My day perked up when I headed (en mass with the rest of the Mac crew) over to the school to check out my new classroom. Aside from Mallory, we're all located within about four doors from each other on the second floor. I'm next door to a TFA alum and on the other side is my mentor teacher/content leader. Michael has our old CMA room (which still had the whip around question the board). Tear. I miss those kids. My room is decent. I have plenty of space, which is a far cry from life this summer in my lovely trailer. The walls are kind of peeling and I keep waiting for those rats the kids always told me about to pop out and see what all the commotion is. Sitting in my classroom looking at all the empty desks and trying to figure out how I was going to arrange my room I had another one of those moments. It's really weird to be doing this because it becomes so much at one time that it doesn't feel real. Then something happens and it all just comes back to earth for a moment and all you can really do is take it in. It's all super-cheesy, but very cool at the same time. I have many memories of those moments through the years and I'm sure I'm going to have plenty in the next two years.

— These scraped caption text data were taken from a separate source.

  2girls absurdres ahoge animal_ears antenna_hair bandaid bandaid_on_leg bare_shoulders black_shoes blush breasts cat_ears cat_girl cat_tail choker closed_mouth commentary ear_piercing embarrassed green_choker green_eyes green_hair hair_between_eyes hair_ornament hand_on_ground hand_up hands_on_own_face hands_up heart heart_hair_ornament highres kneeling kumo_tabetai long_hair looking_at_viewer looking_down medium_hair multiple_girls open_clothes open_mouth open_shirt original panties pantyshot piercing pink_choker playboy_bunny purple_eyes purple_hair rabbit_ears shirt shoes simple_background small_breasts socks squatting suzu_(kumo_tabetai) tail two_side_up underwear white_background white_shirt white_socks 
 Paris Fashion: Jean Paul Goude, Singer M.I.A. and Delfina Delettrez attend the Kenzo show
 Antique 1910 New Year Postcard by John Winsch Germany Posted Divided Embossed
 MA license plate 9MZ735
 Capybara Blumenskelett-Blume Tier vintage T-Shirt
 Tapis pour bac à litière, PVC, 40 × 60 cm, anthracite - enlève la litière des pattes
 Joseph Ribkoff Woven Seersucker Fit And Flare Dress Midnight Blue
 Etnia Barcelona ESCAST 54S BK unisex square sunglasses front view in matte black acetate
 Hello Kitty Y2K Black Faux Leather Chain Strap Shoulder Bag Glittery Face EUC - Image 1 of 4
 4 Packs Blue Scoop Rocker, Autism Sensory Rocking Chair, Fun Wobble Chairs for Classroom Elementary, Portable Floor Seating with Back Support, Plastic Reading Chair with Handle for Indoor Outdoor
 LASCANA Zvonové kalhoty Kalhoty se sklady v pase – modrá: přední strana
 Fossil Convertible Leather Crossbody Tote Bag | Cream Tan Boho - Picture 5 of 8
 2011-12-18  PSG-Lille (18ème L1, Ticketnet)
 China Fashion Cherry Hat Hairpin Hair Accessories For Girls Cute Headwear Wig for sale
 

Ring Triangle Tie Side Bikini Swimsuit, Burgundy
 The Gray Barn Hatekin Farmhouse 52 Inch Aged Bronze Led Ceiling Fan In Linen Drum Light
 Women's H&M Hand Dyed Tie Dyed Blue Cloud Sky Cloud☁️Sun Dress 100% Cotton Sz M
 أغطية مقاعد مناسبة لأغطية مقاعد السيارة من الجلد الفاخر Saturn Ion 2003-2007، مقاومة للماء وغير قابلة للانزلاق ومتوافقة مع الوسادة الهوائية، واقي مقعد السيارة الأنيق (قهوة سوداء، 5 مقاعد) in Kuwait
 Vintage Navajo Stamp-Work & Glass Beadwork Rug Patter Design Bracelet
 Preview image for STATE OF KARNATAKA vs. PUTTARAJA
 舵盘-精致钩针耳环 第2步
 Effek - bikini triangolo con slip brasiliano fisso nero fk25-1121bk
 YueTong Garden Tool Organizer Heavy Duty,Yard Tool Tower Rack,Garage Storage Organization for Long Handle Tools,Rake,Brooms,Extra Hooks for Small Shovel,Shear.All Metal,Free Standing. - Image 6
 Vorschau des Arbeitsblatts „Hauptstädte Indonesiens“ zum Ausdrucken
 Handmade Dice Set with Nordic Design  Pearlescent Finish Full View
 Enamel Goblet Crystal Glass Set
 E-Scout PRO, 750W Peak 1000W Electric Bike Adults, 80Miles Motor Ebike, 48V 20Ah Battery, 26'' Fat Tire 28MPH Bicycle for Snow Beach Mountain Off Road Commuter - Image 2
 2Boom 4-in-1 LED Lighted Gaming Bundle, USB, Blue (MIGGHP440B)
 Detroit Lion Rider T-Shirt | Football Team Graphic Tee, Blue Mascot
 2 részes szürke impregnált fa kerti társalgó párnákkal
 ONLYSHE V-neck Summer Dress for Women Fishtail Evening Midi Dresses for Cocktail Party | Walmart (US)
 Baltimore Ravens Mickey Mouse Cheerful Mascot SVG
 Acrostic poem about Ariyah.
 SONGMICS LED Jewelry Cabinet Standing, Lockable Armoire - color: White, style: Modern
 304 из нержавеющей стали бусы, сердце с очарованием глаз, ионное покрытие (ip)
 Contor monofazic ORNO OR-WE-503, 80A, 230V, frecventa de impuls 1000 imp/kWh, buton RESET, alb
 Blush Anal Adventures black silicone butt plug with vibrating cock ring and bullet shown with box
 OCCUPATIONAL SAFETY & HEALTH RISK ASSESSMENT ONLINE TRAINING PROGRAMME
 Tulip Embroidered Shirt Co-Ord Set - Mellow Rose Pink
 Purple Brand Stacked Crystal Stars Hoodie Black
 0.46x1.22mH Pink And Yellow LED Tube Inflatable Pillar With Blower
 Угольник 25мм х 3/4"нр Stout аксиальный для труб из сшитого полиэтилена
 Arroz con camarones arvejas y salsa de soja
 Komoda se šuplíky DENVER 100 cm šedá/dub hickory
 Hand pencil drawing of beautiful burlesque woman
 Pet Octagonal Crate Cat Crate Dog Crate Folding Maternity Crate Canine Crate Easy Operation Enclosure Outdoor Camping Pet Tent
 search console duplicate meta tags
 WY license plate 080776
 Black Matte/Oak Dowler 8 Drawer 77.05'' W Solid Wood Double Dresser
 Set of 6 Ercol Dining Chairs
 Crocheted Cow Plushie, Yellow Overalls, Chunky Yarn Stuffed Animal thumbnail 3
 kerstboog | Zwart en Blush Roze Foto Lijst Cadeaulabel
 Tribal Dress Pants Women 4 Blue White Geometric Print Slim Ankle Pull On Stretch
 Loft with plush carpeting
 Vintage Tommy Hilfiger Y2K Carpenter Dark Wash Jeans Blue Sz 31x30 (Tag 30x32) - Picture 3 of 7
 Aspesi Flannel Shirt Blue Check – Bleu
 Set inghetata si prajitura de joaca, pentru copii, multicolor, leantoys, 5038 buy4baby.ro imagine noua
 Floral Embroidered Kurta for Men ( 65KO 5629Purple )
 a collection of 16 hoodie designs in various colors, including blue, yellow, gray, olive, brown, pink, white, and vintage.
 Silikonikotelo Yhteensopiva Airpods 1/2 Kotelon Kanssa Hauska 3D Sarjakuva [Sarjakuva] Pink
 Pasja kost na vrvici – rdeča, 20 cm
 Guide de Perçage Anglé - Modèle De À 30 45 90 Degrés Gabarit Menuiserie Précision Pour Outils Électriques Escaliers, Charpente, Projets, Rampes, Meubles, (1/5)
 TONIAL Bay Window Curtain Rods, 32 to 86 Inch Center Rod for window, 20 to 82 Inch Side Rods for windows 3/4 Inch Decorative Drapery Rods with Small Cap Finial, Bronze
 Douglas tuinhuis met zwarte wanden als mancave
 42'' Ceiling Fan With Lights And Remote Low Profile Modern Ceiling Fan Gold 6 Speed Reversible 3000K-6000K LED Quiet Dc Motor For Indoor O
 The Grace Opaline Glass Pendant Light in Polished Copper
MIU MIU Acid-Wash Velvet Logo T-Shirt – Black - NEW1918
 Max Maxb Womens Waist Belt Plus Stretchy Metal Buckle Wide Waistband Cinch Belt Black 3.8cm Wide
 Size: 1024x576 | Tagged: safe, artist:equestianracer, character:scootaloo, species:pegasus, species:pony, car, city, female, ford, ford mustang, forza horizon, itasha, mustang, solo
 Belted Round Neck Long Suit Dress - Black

The McCrappy part of my day — shocking that it wasn't that stupid professional development I sat through— came when I got home from McReynolds. HISD and my roommate Genvieve's school in particular is under investigation for cheating on the TAKS test (the test they take every year under No Child Left Behind) and today was the day they announced how the schools were rated, so I zipped on over to the HISD website for a full report. I was in the middle of laughingly telling Genvieve that her school was one of the three schools rated at unacceptable and the superintendent was threatening to close them for next year when I saw that my school was one of the three. Awesome. McReynolds (along with Kashmir and Sam Houston) has been rated unacceptable by the state testing agency for the past three years. Our superintendent is recommending at the next board meeting that the three schools be closed at the end of this year if they don't improve their rating. This is completely depressing. I knew I had an uphill battle, but I didn't know I was starting in 10 foot hole. I was already motivated to get all my kids to pass the TAKS, but now I know it's vital. If they close McReynolds that disperses the kids all over the place. They deserve more than that. They deserve a school in their community that doesn't come in bottom of the barrel for them, but gives them everything they need and more. I believe we can give it to them, but tonight it feels a little bit more depressing than other nights. Tonight the weight of this commitment is starting to weigh me down a little more and that moment I had earlier in my classroom isn't quite enough to lift it off.